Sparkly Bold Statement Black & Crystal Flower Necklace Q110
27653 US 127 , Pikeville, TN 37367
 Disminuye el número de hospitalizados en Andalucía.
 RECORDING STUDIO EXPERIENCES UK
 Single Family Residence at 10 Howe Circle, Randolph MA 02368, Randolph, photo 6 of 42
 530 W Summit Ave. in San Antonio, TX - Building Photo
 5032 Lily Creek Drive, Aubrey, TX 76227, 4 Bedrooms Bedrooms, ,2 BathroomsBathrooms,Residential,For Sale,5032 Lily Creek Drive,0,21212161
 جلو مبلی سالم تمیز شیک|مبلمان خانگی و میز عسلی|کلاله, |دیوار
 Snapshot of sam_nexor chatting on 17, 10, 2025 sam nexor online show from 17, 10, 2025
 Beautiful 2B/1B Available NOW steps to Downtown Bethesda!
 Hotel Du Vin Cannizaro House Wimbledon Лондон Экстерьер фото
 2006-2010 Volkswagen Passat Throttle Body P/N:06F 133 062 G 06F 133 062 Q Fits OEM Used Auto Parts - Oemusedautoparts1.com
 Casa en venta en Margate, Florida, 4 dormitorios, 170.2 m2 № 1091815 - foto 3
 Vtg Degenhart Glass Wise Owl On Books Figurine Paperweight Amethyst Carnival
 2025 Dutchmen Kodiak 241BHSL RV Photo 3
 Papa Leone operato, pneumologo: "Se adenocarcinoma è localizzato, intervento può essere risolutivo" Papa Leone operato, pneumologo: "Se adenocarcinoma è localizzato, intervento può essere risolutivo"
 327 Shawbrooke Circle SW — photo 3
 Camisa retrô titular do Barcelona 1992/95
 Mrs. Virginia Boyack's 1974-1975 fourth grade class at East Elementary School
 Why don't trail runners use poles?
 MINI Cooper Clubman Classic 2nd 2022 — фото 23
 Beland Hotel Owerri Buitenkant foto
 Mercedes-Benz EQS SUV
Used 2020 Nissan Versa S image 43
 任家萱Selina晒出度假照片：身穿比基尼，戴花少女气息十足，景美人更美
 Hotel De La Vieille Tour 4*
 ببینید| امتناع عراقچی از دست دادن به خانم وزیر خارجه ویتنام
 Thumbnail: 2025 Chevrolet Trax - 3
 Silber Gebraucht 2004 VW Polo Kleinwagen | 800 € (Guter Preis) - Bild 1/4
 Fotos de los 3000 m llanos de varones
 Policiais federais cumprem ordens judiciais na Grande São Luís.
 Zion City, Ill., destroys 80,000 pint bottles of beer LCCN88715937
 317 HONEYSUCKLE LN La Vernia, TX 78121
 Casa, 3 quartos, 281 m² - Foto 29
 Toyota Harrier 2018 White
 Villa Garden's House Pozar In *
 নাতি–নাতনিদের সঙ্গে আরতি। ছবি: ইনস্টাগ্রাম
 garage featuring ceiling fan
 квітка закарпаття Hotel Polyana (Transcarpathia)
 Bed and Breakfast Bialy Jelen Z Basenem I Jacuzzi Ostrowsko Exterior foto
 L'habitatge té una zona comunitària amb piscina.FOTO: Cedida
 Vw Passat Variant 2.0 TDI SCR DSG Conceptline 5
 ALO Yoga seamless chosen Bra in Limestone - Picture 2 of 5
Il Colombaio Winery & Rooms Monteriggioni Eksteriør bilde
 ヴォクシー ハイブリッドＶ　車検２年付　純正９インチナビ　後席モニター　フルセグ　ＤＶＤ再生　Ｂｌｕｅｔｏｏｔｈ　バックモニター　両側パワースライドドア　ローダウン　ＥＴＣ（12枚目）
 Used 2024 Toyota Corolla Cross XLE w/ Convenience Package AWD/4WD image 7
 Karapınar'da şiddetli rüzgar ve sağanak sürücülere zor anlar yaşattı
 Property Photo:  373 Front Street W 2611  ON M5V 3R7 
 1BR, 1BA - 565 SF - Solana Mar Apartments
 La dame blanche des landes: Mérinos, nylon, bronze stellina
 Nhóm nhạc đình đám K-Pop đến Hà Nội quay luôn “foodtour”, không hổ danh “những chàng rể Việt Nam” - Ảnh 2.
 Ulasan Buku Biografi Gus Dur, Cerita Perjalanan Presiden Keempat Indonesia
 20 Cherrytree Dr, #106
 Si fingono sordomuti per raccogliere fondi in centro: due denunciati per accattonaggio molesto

● ● ● ●

What is expected
I'd like the lines above from the one with "Il Colombaio Winery" up to and including the one with "Karapınar'da şiddetli rüzgar" copied exactly, with no other lines.

Expected answer
Il Colombaio Winery & Rooms Monteriggioni Eksteriør bilde
 ヴォクシー ハイブリッドＶ　車検２年付　純正９インチナビ　後席モニター　フルセグ　ＤＶＤ再生　Ｂｌｕｅｔｏｏｔｈ　バックモニター　両側パワースライドドア　ローダウン　ＥＴＣ（12枚目）
 Used 2024 Toyota Corolla Cross XLE w/ Convenience Package AWD/4WD image 7
 Karapınar'da şiddetli rüzgar ve sağanak sürücülere zor anlar yaşattı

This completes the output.